Shawmut to the Massachusetts, "Trimountain" to the first "lone planters, "Boston" was named by East-England's Puritans in 1630. Later, landfill projects revealed acres of Native fishing-weirs...

      Thomas Morton was the first defendant dragged to the court of Massachusetts Bay (Sept. 1630). There was no hearing, no trial. Only an "order" putting him out, and "the transatlantic" with him. Winthrop's "reformers" followed quickly with wage and price controls to force planters to labor more of the week to earn a living. (Plimothers too had quickly given up their dream of sharing all in common, finding that nobody wanted to lose status or would work "for" his neighbor even to plant food: they never had challenged the roots of their "radical" beliefs.) As important to this Christian "city on a hill" were laws against unsupervised trade (let alone guns); and against "irregular living" together with Native Americans.
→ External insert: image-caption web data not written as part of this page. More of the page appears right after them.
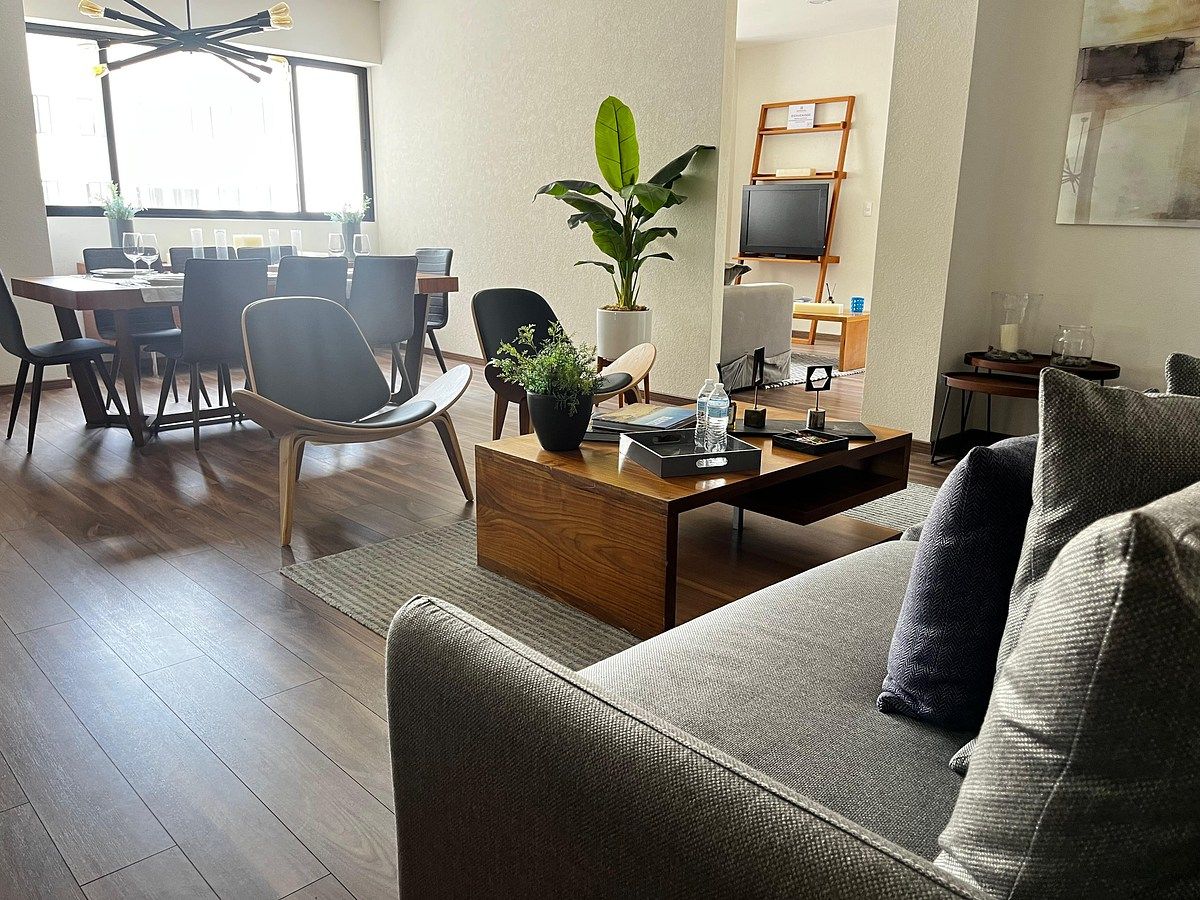 Departamento en Manzanastitla, Cuajimalpa de Morelos, foto 3 de 27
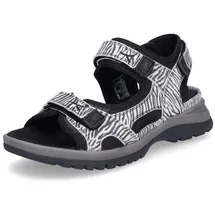 WALDLÄUFER H-Sora Damen Zebra 43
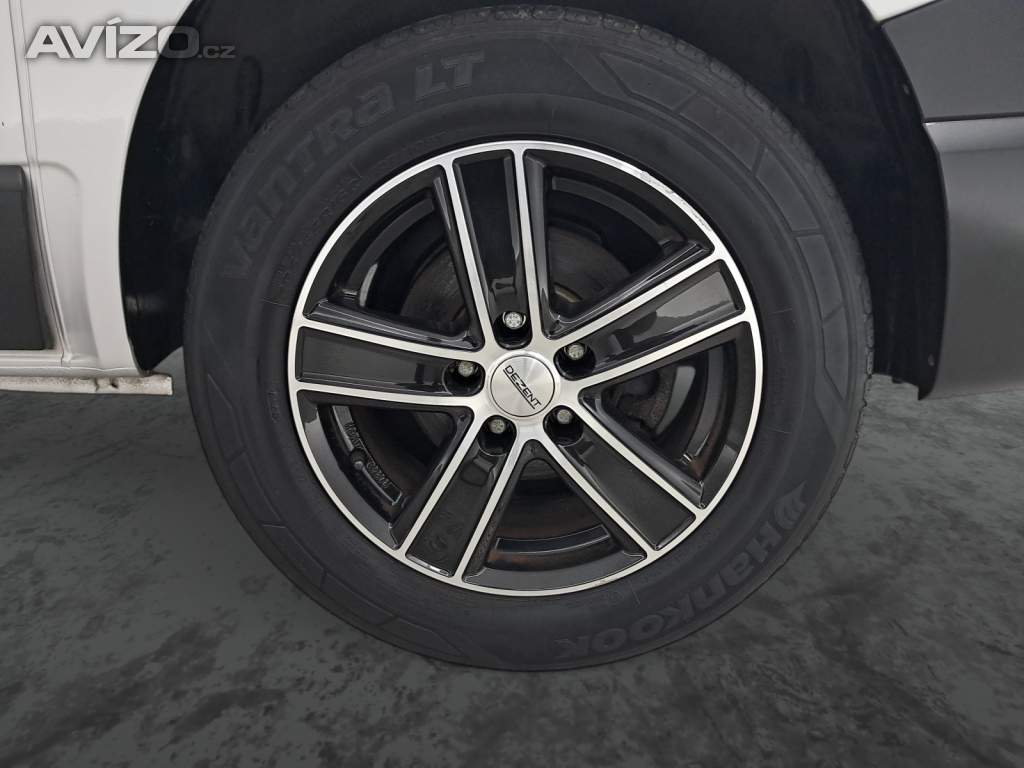 Foto inzerátu Opel Vivaro 1.6 CDTI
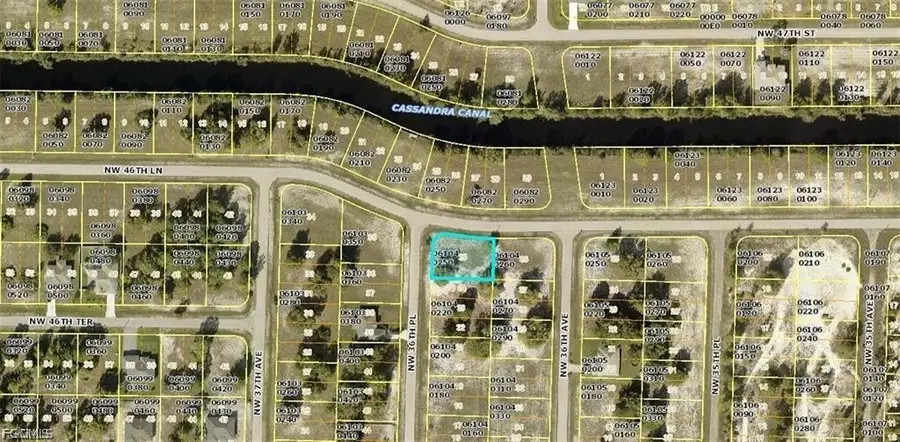 4621 NW 36th Place, Cape Coral, FL 33993 - #2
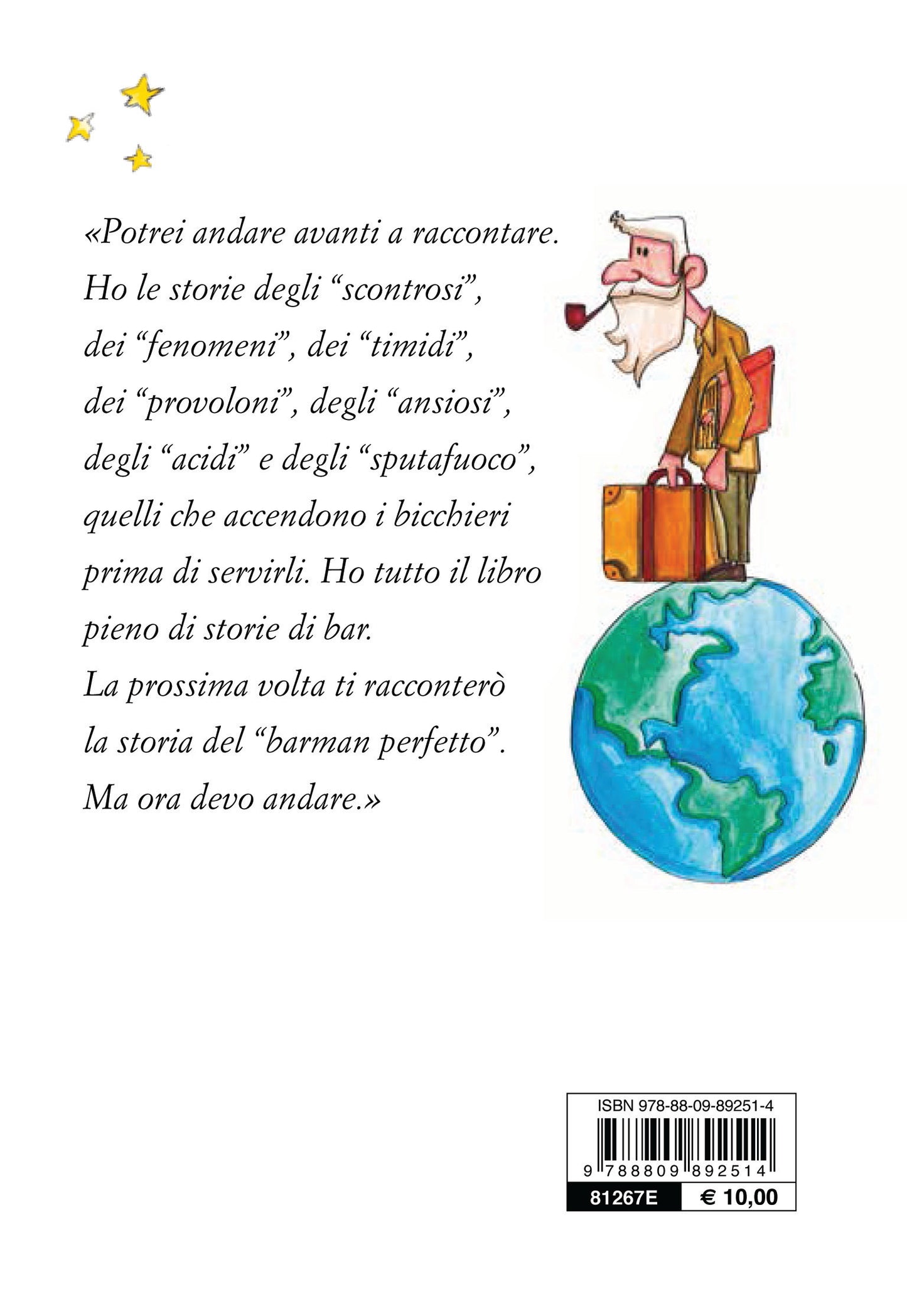 Il piccolo Barman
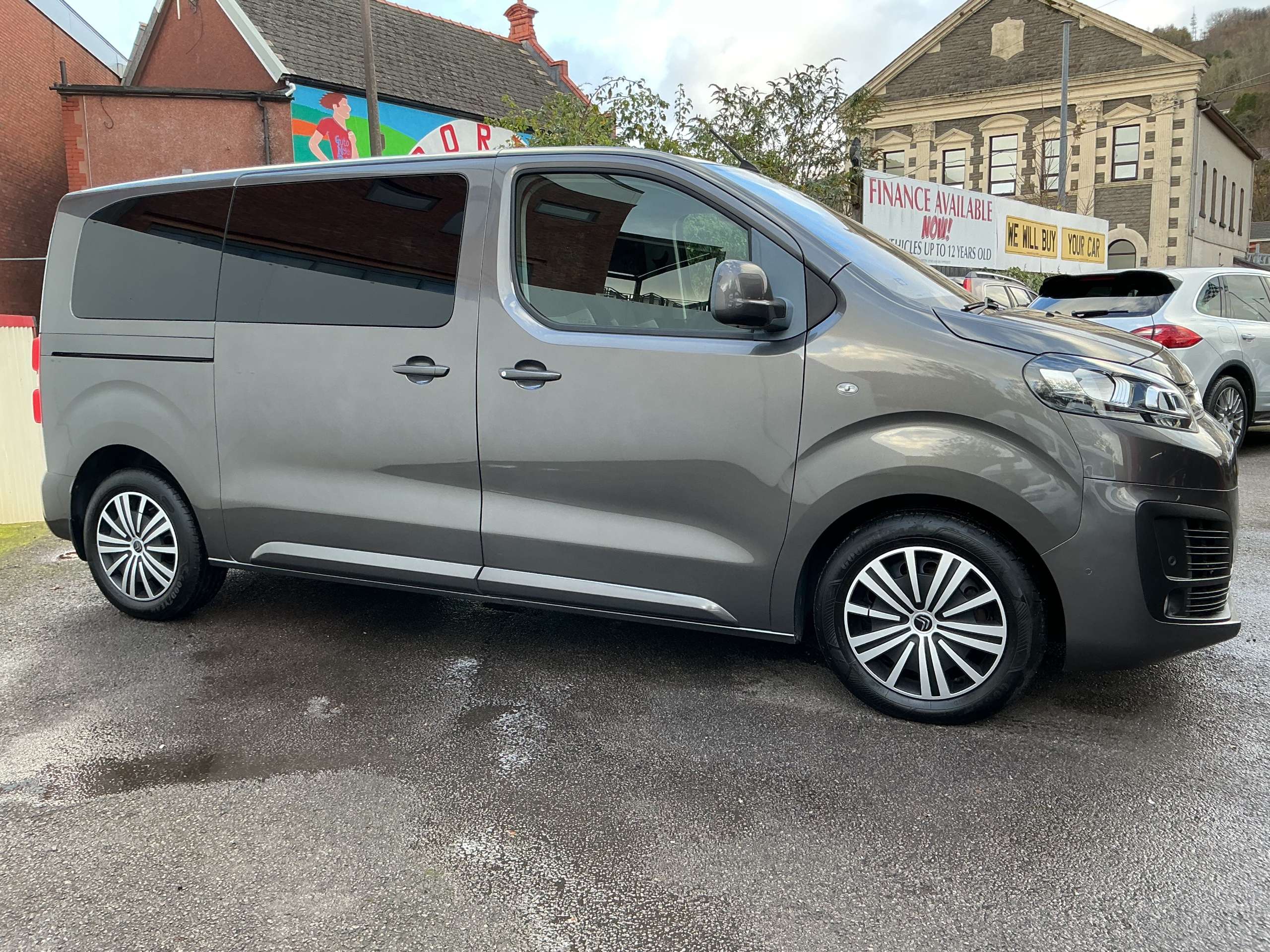 2019 CITROEN SPACETOURER 2019 CITROEN SPACETOURER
Books of "our forefathers" leave out these first acts you can read for yourself in Shurtleff and Pulsifer.
      New England had never known such needless programmatic divides. Weapons, churches, and history books hard-wired The United States with "fear of God," hard labor as the one true virtue, and fearful violence for every stripe of Difference. The only "necessity" was a clear conscience after each "defensive invasion." "Reform" was the means, and the flight from it into "wilderness." Both generated delusions of empty land, disposable NonWhiteMales, and signs of "destiny." What is "American Exceptionalism" if history begins before 1620? These legacies remain as destructive as intended for one minority's "free market" advantage. Yet, this "American Dream" is a bubble. Only ignorance makes it work, and knowledge (our nightmares know) will not go away.

     Now it's up to you.

     

     This early Dutch map of New Amsterdam (later New York City) shows the "wall" erected to keep "Indians" out of the colony: today's Wall Street. Why are Native Americans today the (economically) poorest peoples on this land? It can only be a symbolic status---their punishment for a lack of interest in money.